The tepee (or tepee) is an easily transported and constructed shelter that was widely used by early Native Americans. While Native Americans used animal hides for the outer skins of their tepees, modern tepees are available in a wide variety of man-made fibres. But these materials can be costly, so some prefer to build their tepees out of materials found in nature. Tepees may be constructed in this fashion as a means of survival by hikers and hunters who become stranded in the wilderness. Building a tepee is also a low-cost project that adults can use to teach children outdoor skills.
Draw the outline of the base of your tepee on the ground with a stick. Keep in mind that you will need more room if you intend to sleep in the structure.
Find one long, sturdy branch to estimate the frame size of the tepee. Stand in the centre of the circle you drew on the ground. Place one end of the branch on the circle, and hold the other end above your head. If the branch is not long enough for you to comfortably manoeuvre beneath it, find longer branches.
Form a tripod with three branches, placing one end of each on the circle, and joining the other ends in the middle. Add more branches if desired, keeping in mind that more branches form a sturdier frame. Tie the joined ends together with rope. If you did not bring rope, you can lash the branches together with a belt.
Lift the lower end of each branch, and dig a 2-inch deep hole to provide a secure footing for the branch.

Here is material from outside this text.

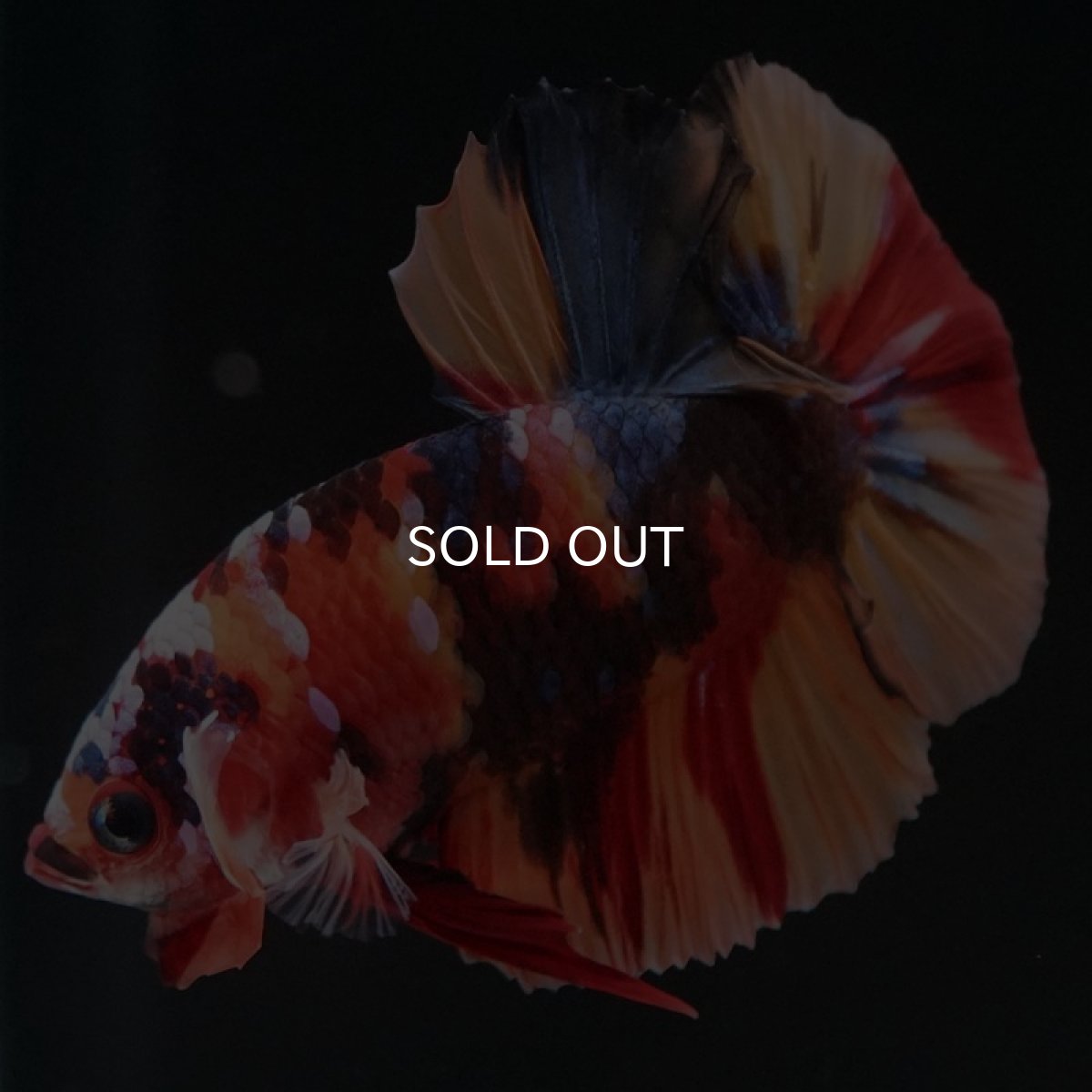 画像2: HMPK　キャンディ (2)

Securing the ends in holes keeps the branches from sliding either outward or to the side, which can cause the entire tepee to collapse.
Lash shorter, pliable branches through the frame, beginning at the bottom and working to the top. If you have extra rope, lash some of these branches to the frame for lateral strength. Be sure to leave the area between two of the frame uprights open to use as a door.
Weave both leafy branches and pine-needle-filled branches through the frame and shorter branches, again working bottom to top. Overlap layers as you work up in the same way you would overlap shingles on a house. Make sure you cover the entire structure.
Use one or several pine branches standing on end to form a sturdy door. Lash the branches together at the top if necessary with either rope or a belt.
Use leaves and pine needles to form a floor. Be sure to gather dry leaves and needles. Remove any sticks or pine cones.
Branches with large leaves provide better coverage. Saplings are easier to find in longer, straighter lengths than branches.
Do not smoke or light fires in or around the tepee. The entire structure is flammable. Always be aware of your surroundings. A tepee will not keep you safe from wild animals or extreme weather.